US Supreme Court grants cert. on retroactivity issue
The United States Supreme Court granted certiorari today in Danforth v. Minnesota. The case presents an issue of whether state courts are required to use the standard announced in Teague v. Lane to determine whether decisions by the United States Supreme Court apply retroactively to state court criminal cases, or may a state court apply state-law or state-constitution based retroactivity tests that afford application of Supreme Court decisions to a broader class of criminal defendants than the class defined by Teague. The certiorari petition is available here, with thanks to Scotusblog.

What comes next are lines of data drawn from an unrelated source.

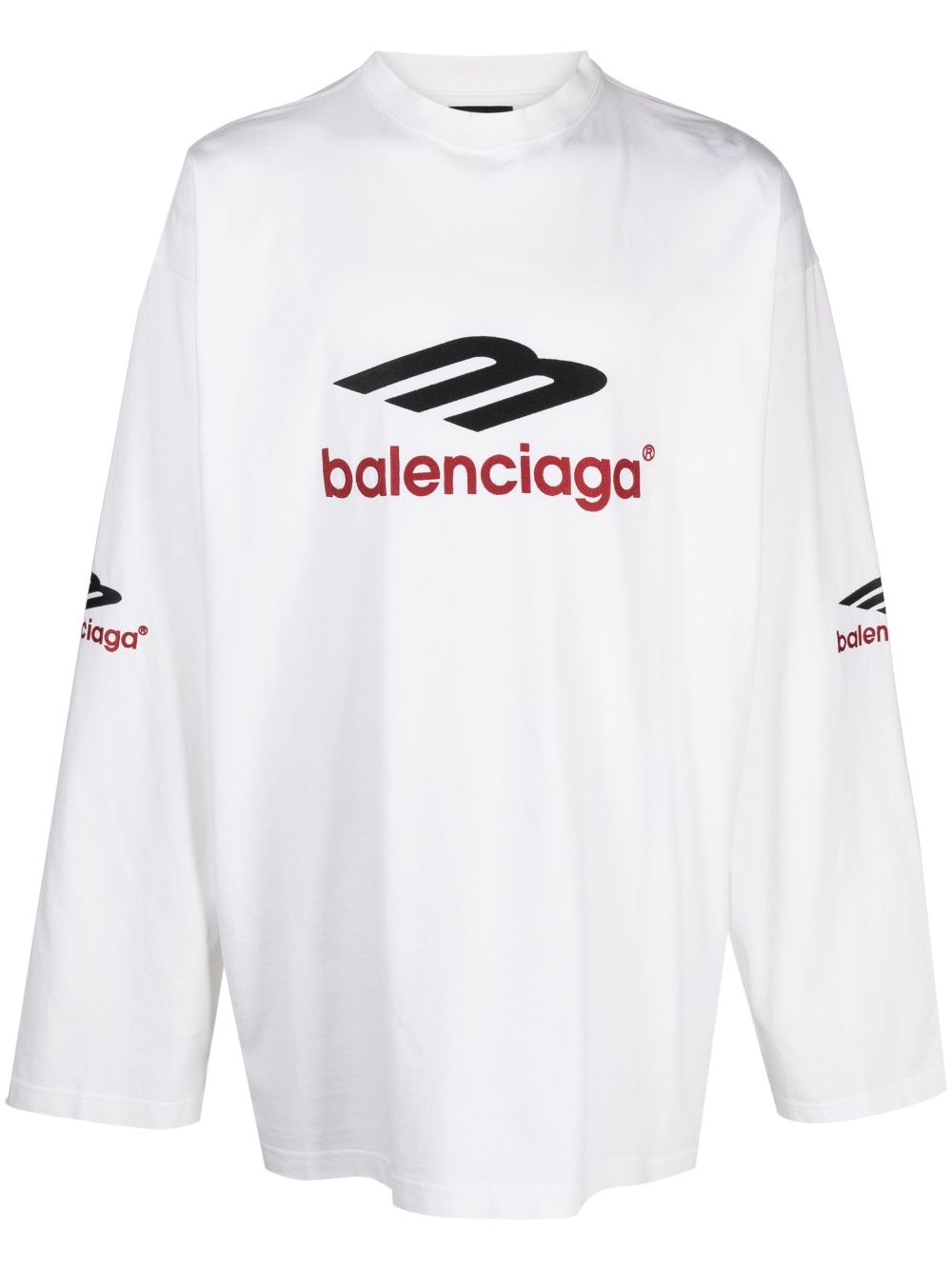Balenciaga T-shirt met geborduurd logo - Wit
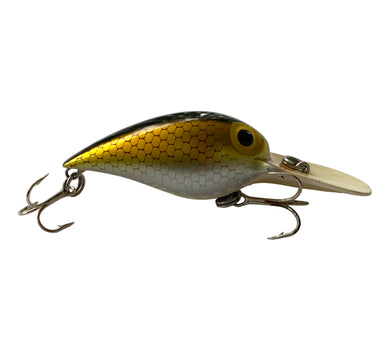 Right Facing View of Unmarked Pre- Rapala STORM LURES WIGGLE WART Fishing Lure in YELLOW SCALE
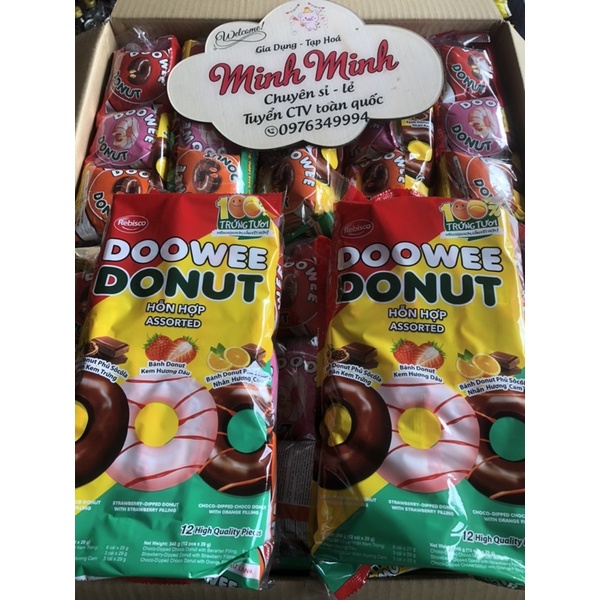 Bánh Donut Doowee Rebisco Bịch 348g
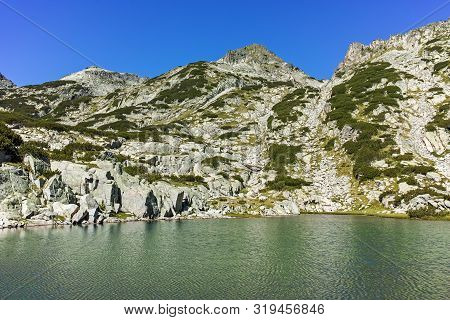 Landscape With Left Kralev Dvor Pass And Samodivski Lakes, Pirin Mountain, Bulgaria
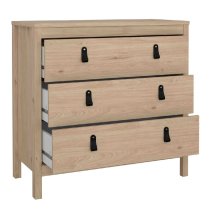 Bellevue Wooden Chest Of 3 Drawers In Oak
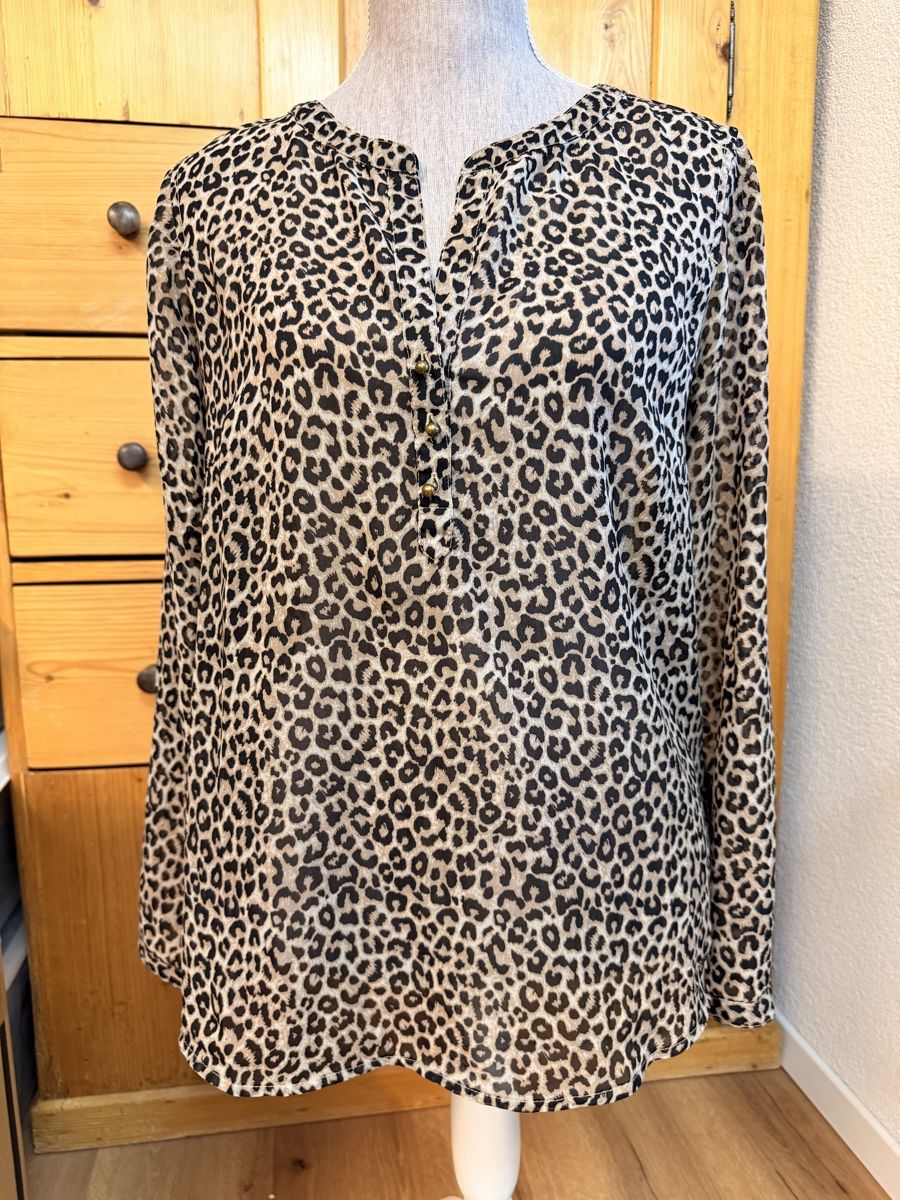 Tom Tailor Camicette: Damen Bluse TOM TAILOR Leo Print Grösse 40 – Usato da Lufingen venduto da Smily37 1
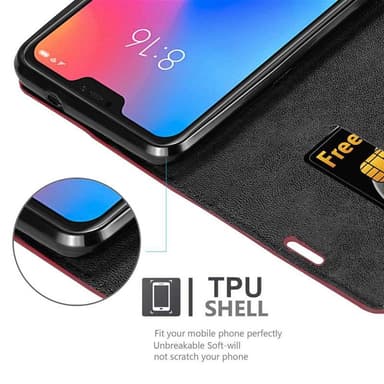 Xiaomi Mi A2 LITE / RedMi 6 PRO Skal Fodral Case (Röd)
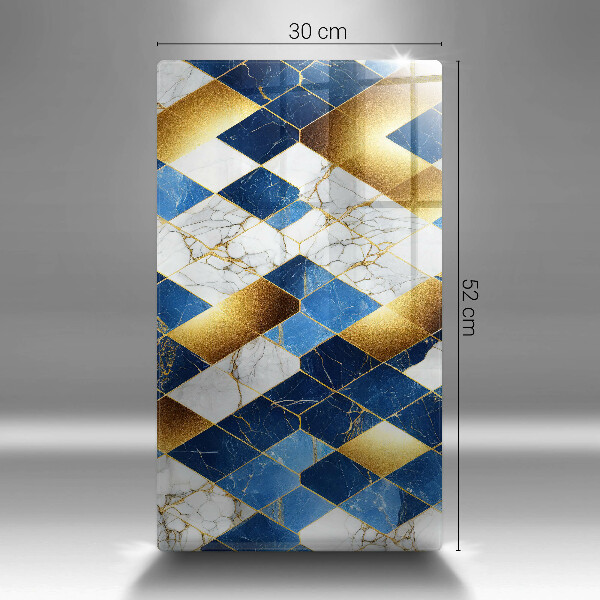 Skydd för induktionsspis modern Gyllene romb marmor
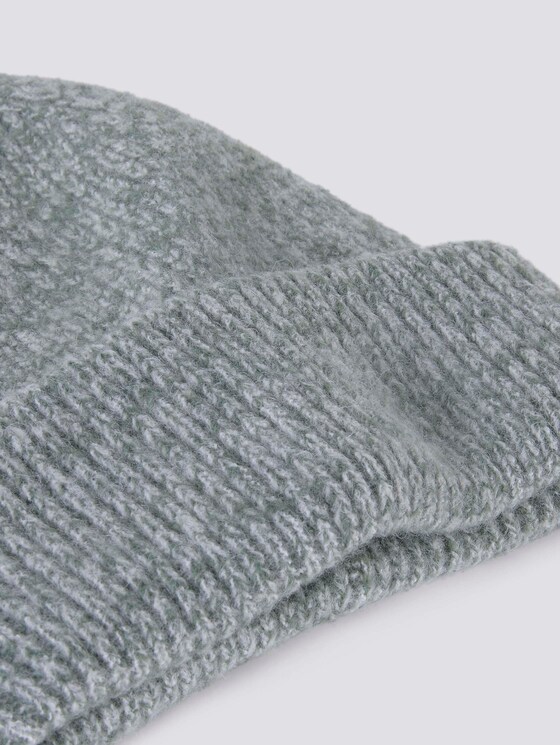 Ribbed beanie - Women - mineral stone blue melange Ribbed beanie - Women - mineral stone blue melange - 9 - TOM TAILOR Denim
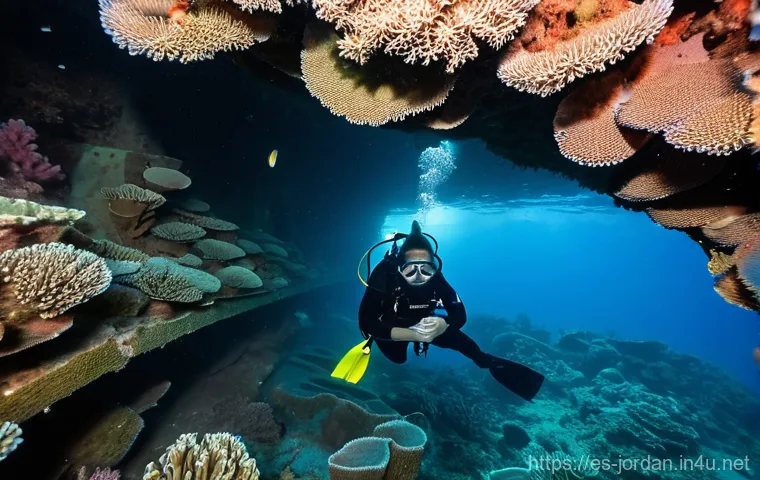 아카바 홍해 다이빙 스팟 - **Vibrant Underwater Coral Gardens of Aqaba:**
    An extremely clear, wide-angle shot of Aqaba's st...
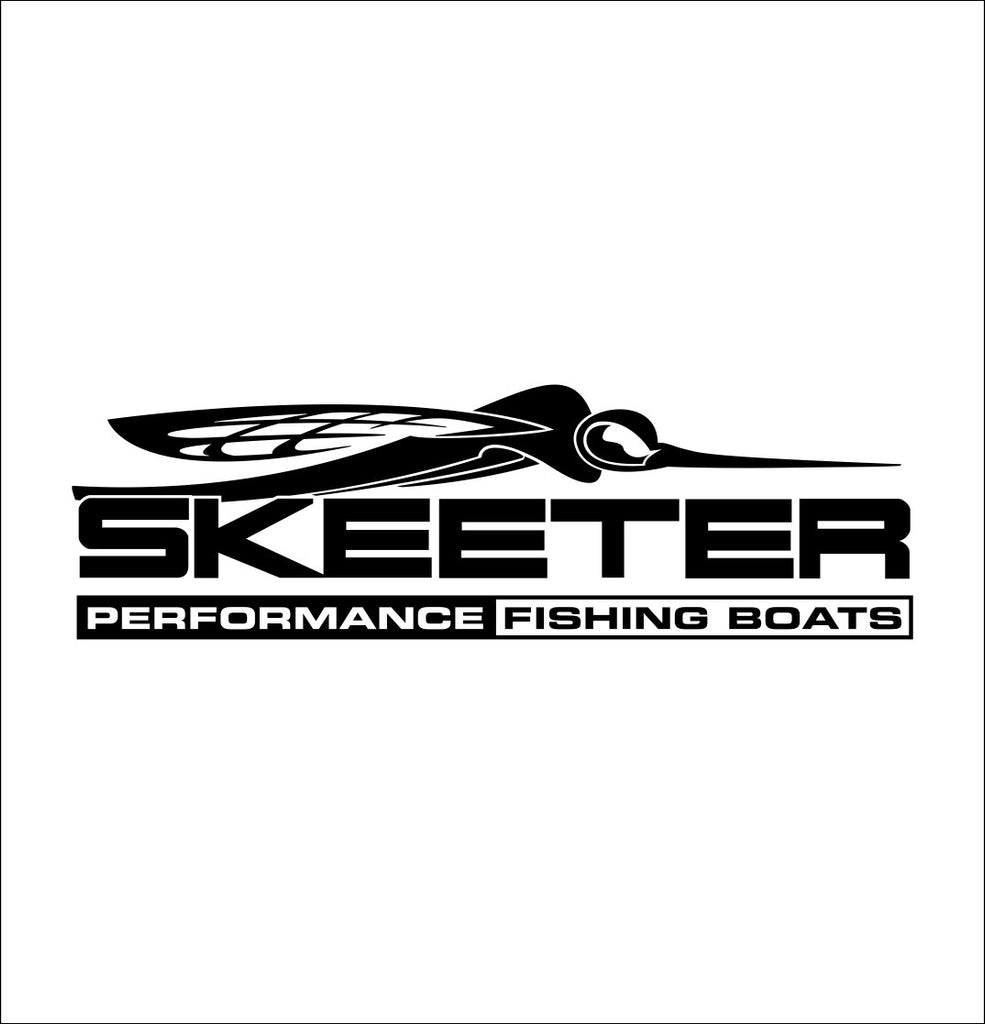 2x Skeeter Black Sponsor Stickers Decals Fishing Boat Bass Walleye Tackle  Box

The issue presented may be of significant consequence in Nevada as the Nevada Supreme Court applies a different retroactivity test from that provided in Teague. In fact, the petitioner in Danforth favorably quotes from the Nevada Supreme Court's decision in Colwell v. State, 59 P.3d 463, 470 (2002):
"In Teague, the Supreme Court, instead of focusing on the purpose and impact of a new constitutional rule, looked to the function of federal habeas review, which is to ensure that state courts conscientiously follow federal
constitutional standards. The Court determined that this function is met by testing state convictions against the constitutional law recognized at the time of trial and direct appellate review . . .[.] Therefore, once a conviction
has become final, federal courts should generally not interfere with the state courts by applying new rules retroactively."
Petition at page 7.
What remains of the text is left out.